Op 21 december 2019 is op grond van het bovenstaande het rijbewijs van klager ingevorderd.
Op 30 december 2019 heeft de officier van justitie beslist dat het rijbewijs zeven maanden wordt ingehouden, uiterlijk tot 18 juli 2020.
Uit het uittreksel justitiële documentatie (het strafblad) van 14 januari 2020 blijkt onder meer dat klager niet eerder is veroordeeld voor een soortgelijk feit.
Op 3 maart 2020 om 14:00 uur zal de strafzaak tegen klager worden behandeld.
De rechtbank overweegt het volgende.
De rechtbank acht de inhouding van het rijbewijs op grond van artikel 164 lid 4 WVW 1994 rechtmatig, omdat het vermoeden bestaat dat het alcoholgehalte van de adem van klager hoger was dan 570 microgram alcohol per liter uitgeademde lucht en niet is gebleken dat de officier van justitie niet in redelijkheid van deze bevoegdheid gebruik heeft gemaakt.
Ondanks de ernst van het feit waarvan klager wordt verdacht, moet – gelet op de persoonlijke omstandigheden van klager – ernstig rekening worden gehouden met de mogelijkheid dat aan klager een onvoorwaardelijke ontzegging van de bevoegdheid tot het besturen van motorrijtuigen zal worden opgelegd, korter dan de tijd die het rijbewijs ingevorderd en ingehouden zal zijn geweest.
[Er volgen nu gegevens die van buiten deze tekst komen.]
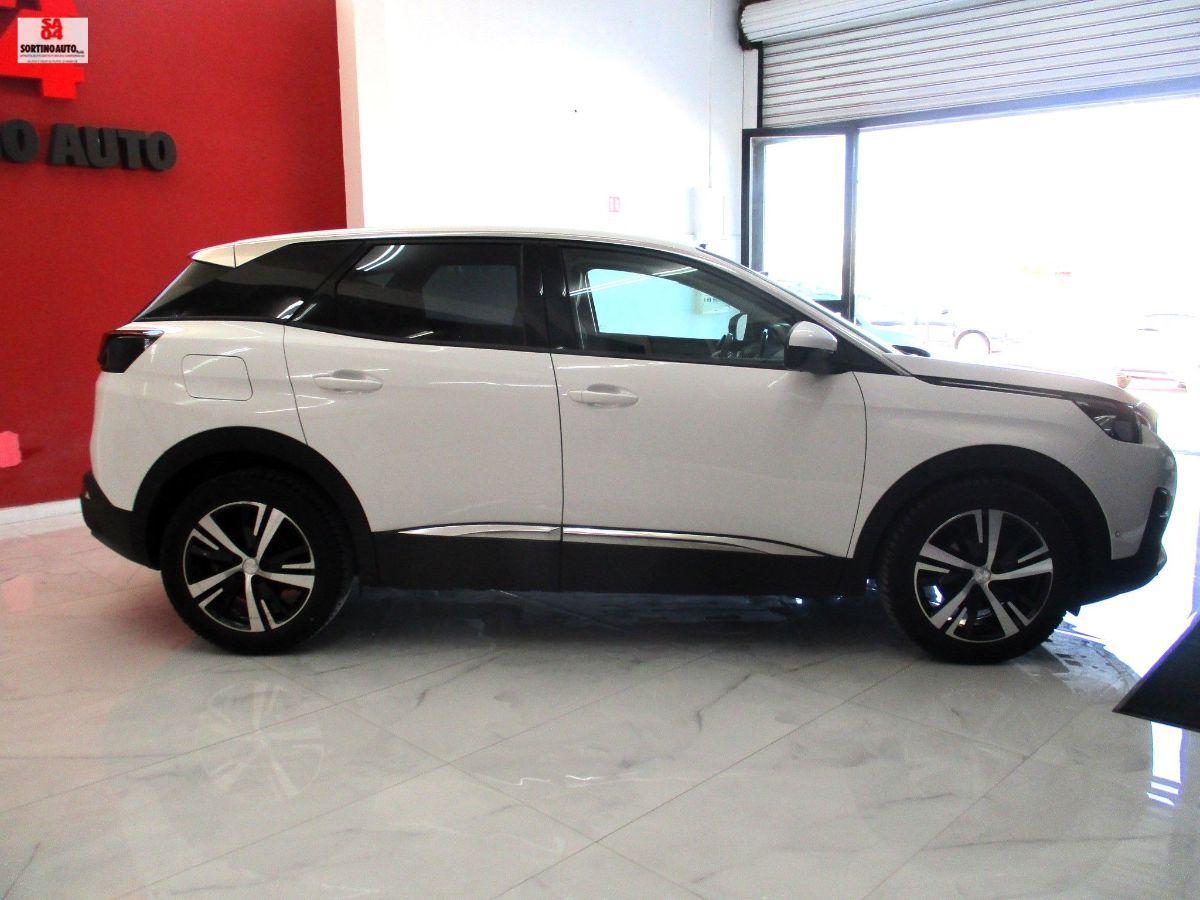 PEUGEOT 3008 BlueHDi 130 S&S Allure-2019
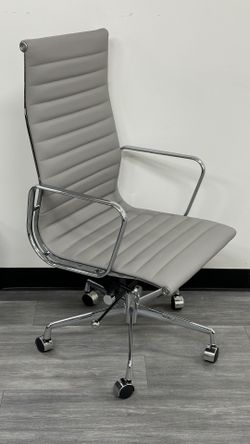 Management Chair High Back In Grey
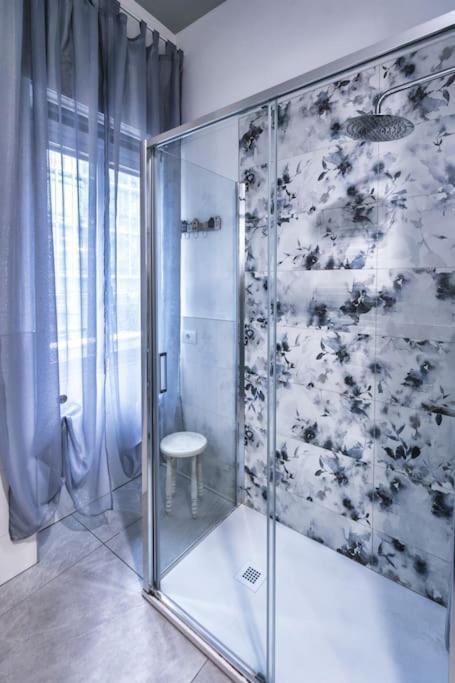 Roomy 6 Guests, Launchpad, 30mts To Loreto M1 M2 Apartment Milan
De rechtbank acht het ondanks de forse overschrijding van de toegestane maximale alcoholinname onwaarschijnlijk dat aan klager een onvoorwaardelijke ontzetting voor de duur van zeven maanden zal worden opgelegd. Op 3 maart 2020 zal de inhoudelijke behandeling van de strafzaak plaatsvinden.
Het beklag dient dan ook gegrond te worden verklaard.

5.De beslissing

De rechtbank verklaart het beklag
gegrond.
De rechtbank gelast de teruggave van het rijbewijs aan klager [klager] .
Deze beslissing is gegeven door
mr. M.E. Leijten, rechter,
in tegenwoordigheid van mr. C.T. St Rose, griffier,
en in het openbaar uitgesproken op 29 januari 2020.
Tegen deze beslissing staat voor klager beroep in cassatie bij de Hoge Raad open, in te stellen bij de griffie van deze rechtbank, binnen veertien dagen na betekening van deze beschikking.